Once he was in the room the initial things happened quite quickly. Nurses came in to get vital signs, we headed down the hall to get height and weight and the children's ward doctors came in to ask him questions and start getting information. The nurse brought in some cream to put on his port. It was a different kind then we usually use and I mentioned to the nurse that we don't use that kind generally and how she applied it is not how we do it and she said it was fine. She went to put a tagaderm sticker over it and I reminded her that Levi is allergic to tagaderm and she said "oh right" like it was an inconvenience and I told her that we use IV3000 for everything. She said "oh we don't have those up here, I will find something" and came back with a piece of cotton and taped it over the cream. I was concerned it was just going to soak up the tiny amount of cream she had put on, but I went with it.

Then we set around to wait. I asked about dinner for Levi and the nurse said "oh the kitchen closes at 7, you can go buy food" again really?! You kept a young child waiting for 90+ minutes and now aren't feeding him. Thankfully at this point Grampa came back from David's House after having checked in and the ladies over there absolutely adore Levi and our family and they sent over Pizza for everyone and a blue elephant for Levi.

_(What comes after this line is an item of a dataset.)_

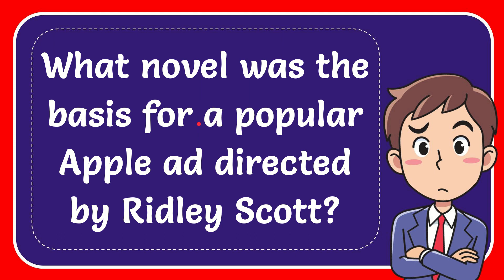In this video I'm going to give you the answer of this question. The question is what novel was the basis for a popular Apple ad directed by Ridley Scott.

Levi eating some pizza with his new blue elephant.
 We found a movie and settled in to wait for the IV team to come up and access Levi's port. Until his port is accessed nothing else can be done so we just kinda chilled. Finally the IV team came up. I explained to them what we do to access the port and what size needle we use and the guy really wanted nothing to do with my information. I then explained that we can't use tagaderm and he seemed annoyed, but he found something else. We took off Levi's shirt and got things started. When they peeled off the gauze pad I saw that the skin was not white at all, and I mentioned this and they said "It's a different cream, it's fine" again I let it go and shouldn't have. The IV guy started doing the proper procedure for access and it was a complete failure. Levi screamed bloody murder! There was no way it was numb at all and then the guy supposedly got it in as Levi is screaming and kicking and couldn't push or pull from it so he had to pull it out. Levi was crying and clung to me. It was awful to see him in so much pain and knowing that we had to do it all again.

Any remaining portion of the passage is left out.